■ THE TASK:
Set down the final stretch of the data, from the line that holds "Pre-owned Stussy House Of Cards Tee 'white'" through the last line, both included, with pictures left out.
** THE INPUT follows **
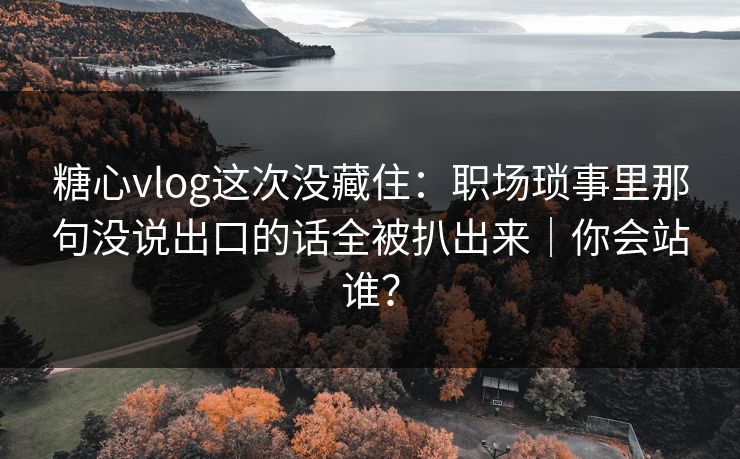 糖心vlog这次没藏住：职场琐事里那句没说出口的话全被扒出来｜你会站谁？
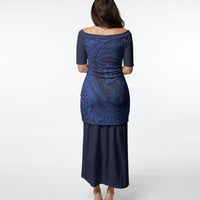 Hawaiian Turtle and Shark Puletasi Kakau Tribal with Polynesian Pattern Blue Color LT03 - Polynesian Pride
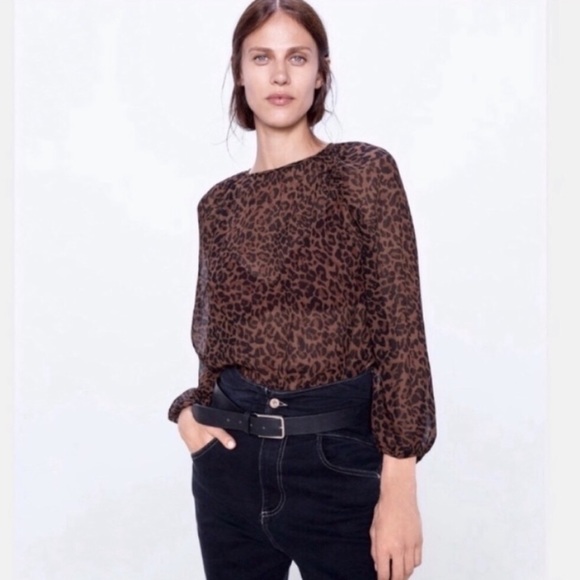 Zara Tops - NWT ZARA leopard print puff sleeve top boho chic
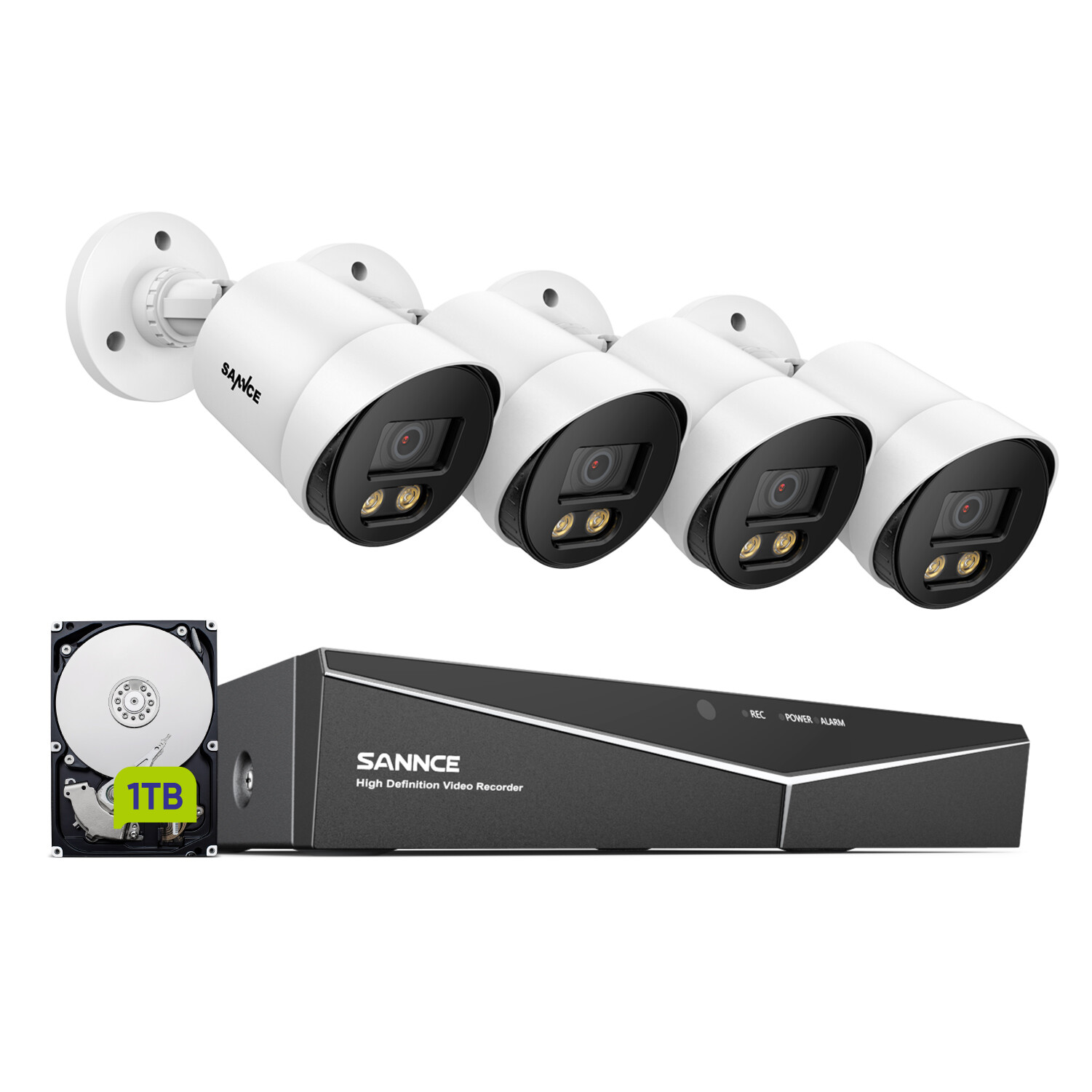 SANNCE 5MP 8CH DVR 2MP Full Color CCTV Security Camera System Night Vision 1TB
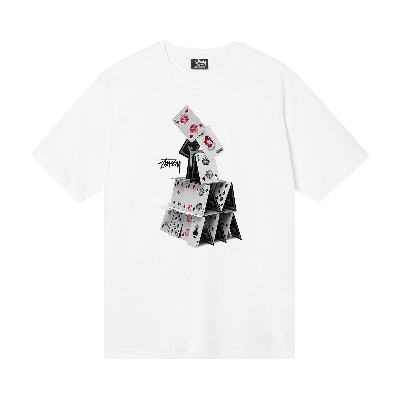 Pre-owned Stussy House Of Cards Tee 'white'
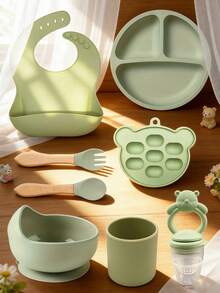 8pcs Baby Feeding Set, Silicone Tableware, Bib, Plate, Bowl, Cup, Fork & Spoon, Fruit & Vegetable Teether, Ice Tray - Multicolor - View 2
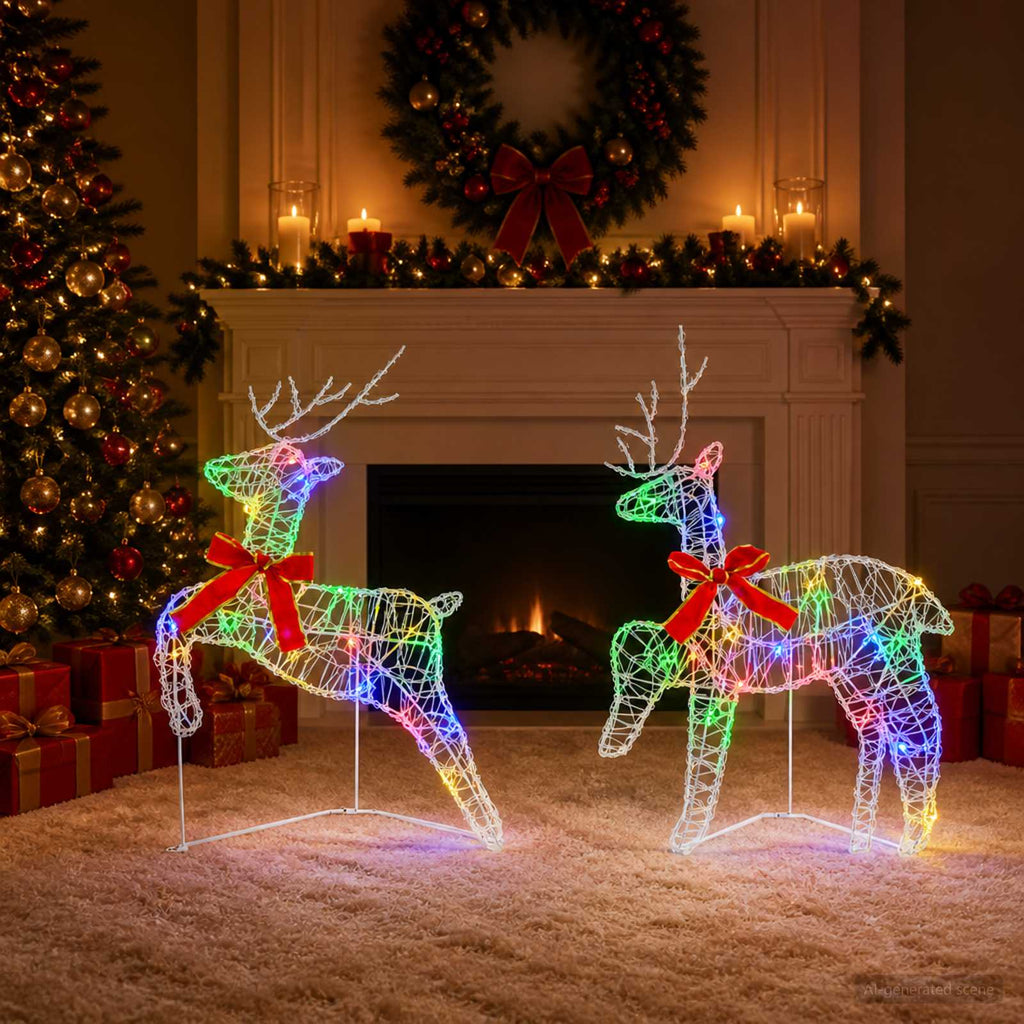 vidaXL Renifer Bożonarodzeniowy 2 szt. 40 LED Wielokolorowy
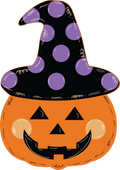Pumpkin Jack O Lantern Purple Polka Dot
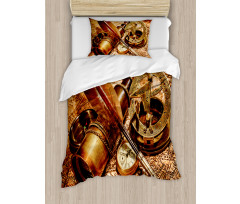 Compass Goose Quill Pen Duvet Cover Set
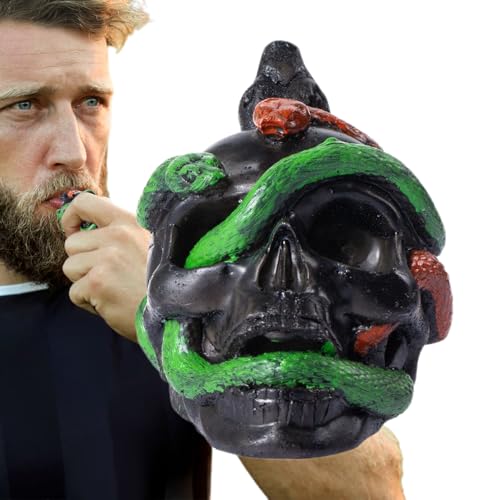 Kixolazr Todespfeife - Schädel-Schlange-Schreckpfeife Für Halloween - Furchterregendes Scherzartikel Für Gruselhaus Kostümpartys von Kixolazr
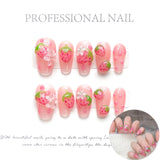 Qfdian  Blush Pink Handmade Fake Nails Sweet Strawberry Flower Designed Wearable Press on Nails Full Cover False Nail for Women Girls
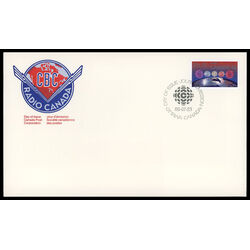 canada stamp 1103 cbc logo over 5 regions of canada 34 1986 FDC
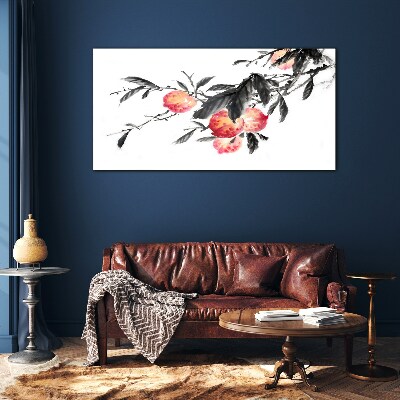 Floral accents in a delicate style Wall art on glass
** End of THE INPUT **
■ SOLVED EXERCISE:
 Pre-owned Stussy House Of Cards Tee 'white'
 8pcs Baby Feeding Set, Silicone Tableware, Bib, Plate, Bowl, Cup, Fork & Spoon, Fruit & Vegetable Teether, Ice Tray - Multicolor - View 2
 vidaXL Renifer Bożonarodzeniowy 2 szt. 40 LED Wielokolorowy
Pumpkin Jack O Lantern Purple Polka Dot
 Compass Goose Quill Pen Duvet Cover Set
 Kixolazr Todespfeife - Schädel-Schlange-Schreckpfeife Für Halloween - Furchterregendes Scherzartikel Für Gruselhaus Kostümpartys von Kixolazr
 Qfdian  Blush Pink Handmade Fake Nails Sweet Strawberry Flower Designed Wearable Press on Nails Full Cover False Nail for Women Girls
 canada stamp 1103 cbc logo over 5 regions of canada 34 1986 FDC
 Floral accents in a delicate style Wall art on glass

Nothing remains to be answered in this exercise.